The PGW entity performs replication of the mobile traffic data within the framework of lawful interception.

1.1.1.5. HSS entity

The HSS entity is a database storing the data specific to each user. The main data stored include the identities of the users, the authentication parameters and the service profile.

When subscribing to the EPS network, the mobile is assigned a private identity (IMSI) which is associated with a service profile and a secret key (Ki).

The authentication parameters are used to control access to the mobile for attachment to the EPS network.

The service profile determines the services that the user has subscribed to.

1.1.1.6. PCRF entity

The PCRF entity provides to the PCEF entity, integrated in the PGW entity, the necessary information for the control and the charging of the traffic data (IP packets).

This information is stored in the subscription profile repository (SPR) during the creation of the subscription.

Traffic control includes the following:

– association between a service data flow (SDF) and the EPS bearer;
– blocking or allowing IP packets;
– assignment of the QCI parameter to the EPS bearer.

The PCEF entity executes the rules provided by the PCRF entity to control the traffic flow and the charging.

The PCEF entity may relate to the PCRF entity a change in state of a service flow, as in the case of loss of radio coverage of the mobile.

The PCRF entity may receive a session request from the application function (AF) as in the case of the establishment of a voice or conversational video communication initialized at the IP multimedia sub-system (IMS).

The PCRF entity may provide the AF entity with information about events occurring in the mobile network as in the case of loss of radio coverage of the mobile.

1.1.2. Protocol architecture

The protocol architecture of the EPS network is described in Figure 1.2 for the control plane and in Figure 1.3 for the user plane.

1.1.2.1. LTE-Uu interface

The LTE-Uu interface is the reference point between the mobile and the eNB entity (Figure 1.4).

This interface supports RRC (Radio Resource Control) signaling exchanged between the mobile and the eNB entity, transmitted in the signaling radio bearer (SRB) and the mobile traffic data (IP packets) transmitted in the data radio bearer (DRB).

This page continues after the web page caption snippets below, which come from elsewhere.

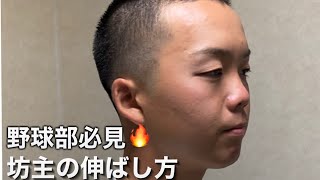 坊主からの伸ばし方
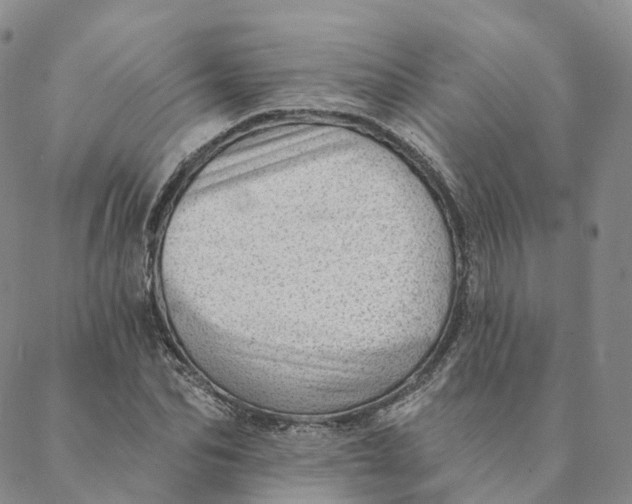 X0000088450974200706121435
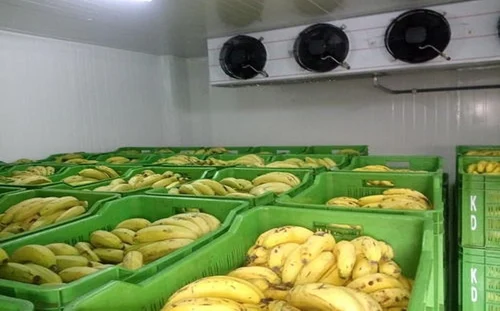 Banana Ripening Chamber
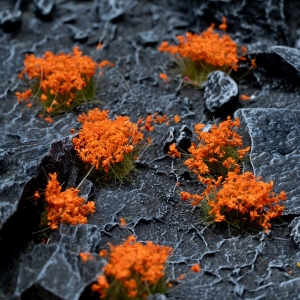 Fleurs oranges (6mm)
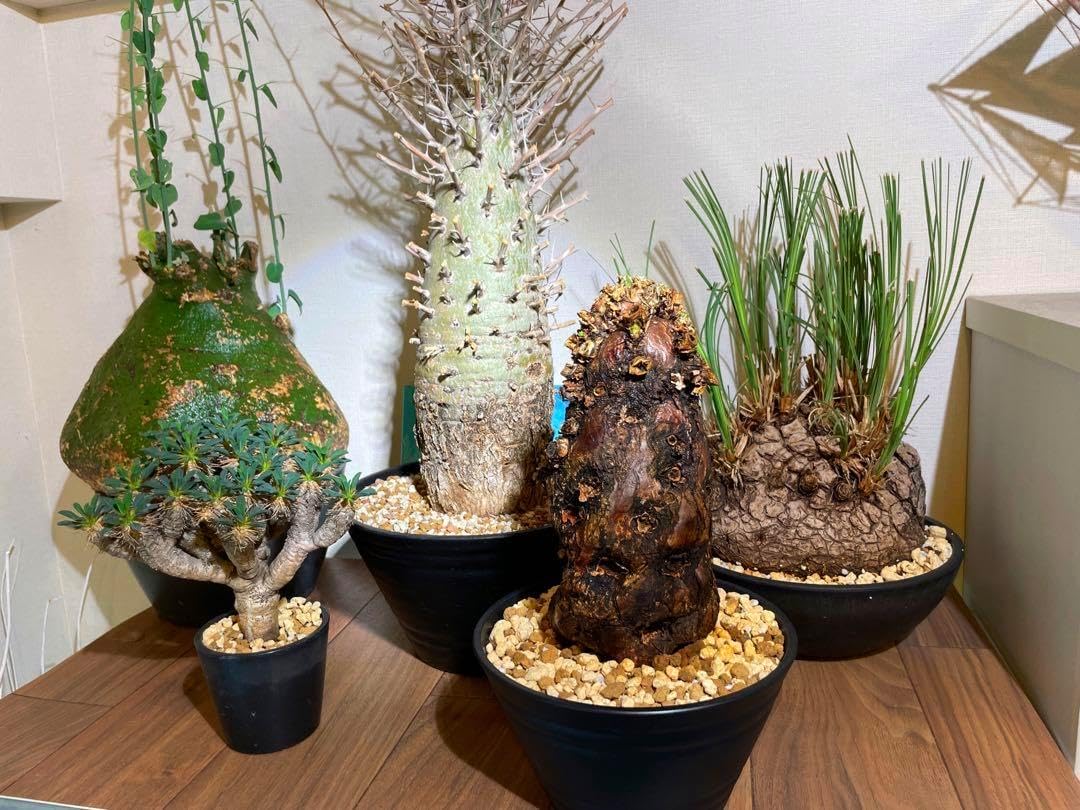 超良型 発根済 手乗り小鉢Bonsai ボスウェリア ネグレクタ 超良型 発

The RRC protocol performs the following functions: broadcasting information system, control of the connection, control of the radio bearer, control of the handover and transfer of measurement reports.

RRC signaling also provides transport of the NAS (Non-Access Stratum) signaling messages exchanged between the mobile and the MME entity.

Traffic data corresponding to an IP packet and signaling data corresponding to an RRC message are encapsulated by the data link layer, which is divided into the following three sub-layers:

– PDCP (Packet Data Convergence Protocol);
– RLC (Radio Link Control);
– MAC (Medium Access Control).

The PDCP is used for RRC signaling messages related to dedicated control and for IP packets, and provides the following functions:

– compression of traffic data headers using the robust header compression (ROHC);
– security of traffic data (confidentiality) and RRC signaling (integrity and confidentiality);
– delivery in sequence of RRC messages and IP packets;
– recovery of PDCP frames lost during the handover.

The mobile can simultaneously activate multiple PDCP instances, each instance corresponding to a data radio bearer or a signaling radio bearer.

The RLC protocol provides control of the radio link between the mobile and the eNB entity.

The mobile can simultaneously activate multiple RLC instances, each instance corresponding to a PDCP instance.

The RLC protocol operates in three operation modes:

– acknowledged mode (AM);
– unacknowledged mode (UM);
– transparent mode (TM) for which no header is added to data.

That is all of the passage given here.